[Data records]

= = = = = = =

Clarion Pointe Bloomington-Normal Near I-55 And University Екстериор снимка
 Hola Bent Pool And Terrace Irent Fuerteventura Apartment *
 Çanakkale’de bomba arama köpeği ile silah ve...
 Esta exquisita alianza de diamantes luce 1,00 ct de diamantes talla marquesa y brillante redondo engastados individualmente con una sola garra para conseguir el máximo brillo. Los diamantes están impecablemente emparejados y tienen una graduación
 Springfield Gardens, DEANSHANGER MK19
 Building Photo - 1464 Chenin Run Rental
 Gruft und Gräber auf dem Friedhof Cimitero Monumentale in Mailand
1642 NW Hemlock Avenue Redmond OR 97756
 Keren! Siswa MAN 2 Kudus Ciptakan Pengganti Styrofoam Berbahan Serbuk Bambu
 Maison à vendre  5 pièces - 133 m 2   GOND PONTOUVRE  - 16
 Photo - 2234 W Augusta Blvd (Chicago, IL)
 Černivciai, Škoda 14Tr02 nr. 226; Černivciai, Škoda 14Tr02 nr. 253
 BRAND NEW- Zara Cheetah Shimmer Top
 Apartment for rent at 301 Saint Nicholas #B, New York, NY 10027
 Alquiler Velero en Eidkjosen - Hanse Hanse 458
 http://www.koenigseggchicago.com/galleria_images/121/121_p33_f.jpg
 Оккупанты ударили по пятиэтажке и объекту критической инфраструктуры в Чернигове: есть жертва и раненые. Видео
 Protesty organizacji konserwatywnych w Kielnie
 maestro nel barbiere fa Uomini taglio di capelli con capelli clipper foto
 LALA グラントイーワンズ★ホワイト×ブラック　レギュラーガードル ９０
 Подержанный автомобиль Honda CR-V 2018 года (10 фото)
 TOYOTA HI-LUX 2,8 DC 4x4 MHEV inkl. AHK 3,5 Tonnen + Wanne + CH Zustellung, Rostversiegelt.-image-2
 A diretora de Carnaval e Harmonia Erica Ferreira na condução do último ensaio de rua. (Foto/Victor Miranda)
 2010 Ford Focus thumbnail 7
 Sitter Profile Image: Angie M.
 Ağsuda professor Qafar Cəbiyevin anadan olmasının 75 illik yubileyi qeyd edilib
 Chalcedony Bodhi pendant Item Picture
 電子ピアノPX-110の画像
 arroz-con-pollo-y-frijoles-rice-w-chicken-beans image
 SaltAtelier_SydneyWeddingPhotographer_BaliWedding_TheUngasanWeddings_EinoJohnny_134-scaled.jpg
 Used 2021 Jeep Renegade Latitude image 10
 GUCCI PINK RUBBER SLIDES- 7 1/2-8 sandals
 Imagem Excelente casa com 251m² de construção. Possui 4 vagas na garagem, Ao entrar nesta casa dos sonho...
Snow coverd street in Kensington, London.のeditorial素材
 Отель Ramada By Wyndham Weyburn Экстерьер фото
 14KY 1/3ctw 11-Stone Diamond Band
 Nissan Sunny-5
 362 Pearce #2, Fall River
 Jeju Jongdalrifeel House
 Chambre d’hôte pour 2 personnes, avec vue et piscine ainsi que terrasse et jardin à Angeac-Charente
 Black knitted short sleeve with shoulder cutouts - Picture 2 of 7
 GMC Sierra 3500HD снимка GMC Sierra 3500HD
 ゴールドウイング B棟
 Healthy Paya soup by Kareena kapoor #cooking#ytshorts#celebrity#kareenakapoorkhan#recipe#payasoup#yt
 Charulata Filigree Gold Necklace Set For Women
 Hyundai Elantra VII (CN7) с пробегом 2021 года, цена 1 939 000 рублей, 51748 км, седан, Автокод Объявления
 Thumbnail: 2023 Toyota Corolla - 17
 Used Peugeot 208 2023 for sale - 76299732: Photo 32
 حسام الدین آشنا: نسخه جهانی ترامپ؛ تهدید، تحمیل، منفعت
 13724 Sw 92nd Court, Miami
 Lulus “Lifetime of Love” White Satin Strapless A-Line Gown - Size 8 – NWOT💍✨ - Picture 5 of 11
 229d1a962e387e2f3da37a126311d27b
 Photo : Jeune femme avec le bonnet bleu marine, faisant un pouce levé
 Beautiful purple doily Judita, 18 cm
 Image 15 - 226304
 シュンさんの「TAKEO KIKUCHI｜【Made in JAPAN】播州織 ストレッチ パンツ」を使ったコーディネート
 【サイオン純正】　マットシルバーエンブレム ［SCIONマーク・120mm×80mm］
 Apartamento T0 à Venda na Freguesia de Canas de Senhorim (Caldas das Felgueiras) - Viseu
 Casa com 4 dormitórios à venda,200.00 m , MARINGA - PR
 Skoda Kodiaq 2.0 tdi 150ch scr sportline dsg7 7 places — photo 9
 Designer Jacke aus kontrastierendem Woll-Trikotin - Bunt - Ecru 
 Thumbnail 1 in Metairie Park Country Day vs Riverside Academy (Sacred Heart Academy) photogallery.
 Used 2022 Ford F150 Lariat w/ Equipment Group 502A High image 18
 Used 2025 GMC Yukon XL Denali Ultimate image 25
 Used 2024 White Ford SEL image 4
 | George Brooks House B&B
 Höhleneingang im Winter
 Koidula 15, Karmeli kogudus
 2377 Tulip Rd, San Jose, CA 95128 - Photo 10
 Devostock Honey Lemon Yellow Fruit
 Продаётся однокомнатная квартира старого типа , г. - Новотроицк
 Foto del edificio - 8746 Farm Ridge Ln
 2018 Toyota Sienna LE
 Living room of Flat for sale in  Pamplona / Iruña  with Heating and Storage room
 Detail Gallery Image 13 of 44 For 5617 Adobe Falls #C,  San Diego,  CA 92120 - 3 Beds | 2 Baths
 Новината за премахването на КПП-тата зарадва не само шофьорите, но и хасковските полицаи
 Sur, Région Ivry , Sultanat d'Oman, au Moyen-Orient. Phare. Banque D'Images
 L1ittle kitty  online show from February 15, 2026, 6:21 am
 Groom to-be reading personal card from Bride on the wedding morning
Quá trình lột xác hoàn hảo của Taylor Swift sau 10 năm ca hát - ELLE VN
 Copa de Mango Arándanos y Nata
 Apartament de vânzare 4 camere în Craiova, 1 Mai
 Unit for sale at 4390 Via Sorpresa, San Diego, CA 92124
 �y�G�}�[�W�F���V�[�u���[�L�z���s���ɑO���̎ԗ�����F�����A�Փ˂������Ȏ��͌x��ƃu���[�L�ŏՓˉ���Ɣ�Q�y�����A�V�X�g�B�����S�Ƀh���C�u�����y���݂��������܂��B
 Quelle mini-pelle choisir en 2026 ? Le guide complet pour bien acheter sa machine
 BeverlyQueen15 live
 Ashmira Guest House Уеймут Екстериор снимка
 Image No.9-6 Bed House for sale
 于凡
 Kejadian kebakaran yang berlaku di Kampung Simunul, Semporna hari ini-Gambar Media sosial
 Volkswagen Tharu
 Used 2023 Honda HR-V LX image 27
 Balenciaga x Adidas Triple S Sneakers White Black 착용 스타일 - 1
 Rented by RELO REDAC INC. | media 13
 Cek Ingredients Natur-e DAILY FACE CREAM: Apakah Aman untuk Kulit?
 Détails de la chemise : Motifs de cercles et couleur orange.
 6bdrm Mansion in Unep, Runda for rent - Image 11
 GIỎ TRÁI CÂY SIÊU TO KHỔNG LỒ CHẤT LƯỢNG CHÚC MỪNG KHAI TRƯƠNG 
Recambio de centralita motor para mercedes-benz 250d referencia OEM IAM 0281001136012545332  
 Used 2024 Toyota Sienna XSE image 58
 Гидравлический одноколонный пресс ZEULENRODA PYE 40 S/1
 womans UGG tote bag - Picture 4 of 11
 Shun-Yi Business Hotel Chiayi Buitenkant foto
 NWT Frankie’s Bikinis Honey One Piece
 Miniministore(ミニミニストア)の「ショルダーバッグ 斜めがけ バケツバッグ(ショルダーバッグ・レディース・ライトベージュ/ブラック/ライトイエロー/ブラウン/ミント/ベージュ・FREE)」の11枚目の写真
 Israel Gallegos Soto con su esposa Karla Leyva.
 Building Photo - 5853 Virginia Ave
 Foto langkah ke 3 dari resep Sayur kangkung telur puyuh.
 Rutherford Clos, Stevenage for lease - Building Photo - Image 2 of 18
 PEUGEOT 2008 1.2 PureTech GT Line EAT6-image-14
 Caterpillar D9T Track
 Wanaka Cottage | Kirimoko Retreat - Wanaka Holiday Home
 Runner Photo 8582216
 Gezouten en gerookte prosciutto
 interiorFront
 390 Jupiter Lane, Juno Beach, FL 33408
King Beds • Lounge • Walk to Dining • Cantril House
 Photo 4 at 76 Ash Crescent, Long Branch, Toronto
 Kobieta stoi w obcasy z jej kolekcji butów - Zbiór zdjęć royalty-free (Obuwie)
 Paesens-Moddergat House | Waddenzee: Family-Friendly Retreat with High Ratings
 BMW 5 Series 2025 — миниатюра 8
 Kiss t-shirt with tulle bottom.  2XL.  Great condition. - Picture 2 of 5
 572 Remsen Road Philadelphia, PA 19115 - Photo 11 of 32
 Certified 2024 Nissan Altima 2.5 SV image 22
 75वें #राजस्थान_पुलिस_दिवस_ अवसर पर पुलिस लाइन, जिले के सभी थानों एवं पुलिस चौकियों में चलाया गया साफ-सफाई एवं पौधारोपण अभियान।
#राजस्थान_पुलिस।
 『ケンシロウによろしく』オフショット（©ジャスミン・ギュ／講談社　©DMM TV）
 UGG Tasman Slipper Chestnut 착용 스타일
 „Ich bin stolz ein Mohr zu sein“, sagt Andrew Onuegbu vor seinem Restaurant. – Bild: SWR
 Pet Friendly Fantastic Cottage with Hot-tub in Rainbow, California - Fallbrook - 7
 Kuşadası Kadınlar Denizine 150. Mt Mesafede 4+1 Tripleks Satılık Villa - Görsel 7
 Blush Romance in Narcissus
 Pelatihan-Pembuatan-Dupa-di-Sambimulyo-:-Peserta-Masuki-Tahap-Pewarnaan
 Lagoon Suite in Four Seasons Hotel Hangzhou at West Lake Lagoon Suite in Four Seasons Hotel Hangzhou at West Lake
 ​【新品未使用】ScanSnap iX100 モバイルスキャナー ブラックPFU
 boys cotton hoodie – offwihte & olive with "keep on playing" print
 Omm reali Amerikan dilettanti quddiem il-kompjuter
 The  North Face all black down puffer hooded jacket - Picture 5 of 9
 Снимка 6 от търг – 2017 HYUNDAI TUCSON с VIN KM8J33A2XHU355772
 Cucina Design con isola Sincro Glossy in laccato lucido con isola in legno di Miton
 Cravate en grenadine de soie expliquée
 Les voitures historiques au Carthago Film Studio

= = = = = = =

▶ [EXERCISE DIRECTIONS] The required output is every line above from the one with "Černivciai, Škoda 14Tr02 nr. 226;" down to the one with "Protesty organizacji konserwatywnych", restated word for word, ends included.

▶ [REPLY TO THE EXERCISE]
 Černivciai, Škoda 14Tr02 nr. 226; Černivciai, Škoda 14Tr02 nr. 253
 BRAND NEW- Zara Cheetah Shimmer Top
 Apartment for rent at 301 Saint Nicholas #B, New York, NY 10027
 Alquiler Velero en Eidkjosen - Hanse Hanse 458
 http://www.koenigseggchicago.com/galleria_images/121/121_p33_f.jpg
 Оккупанты ударили по пятиэтажке и объекту критической инфраструктуры в Чернигове: есть жертва и раненые. Видео
 Protesty organizacji konserwatywnych w Kielnie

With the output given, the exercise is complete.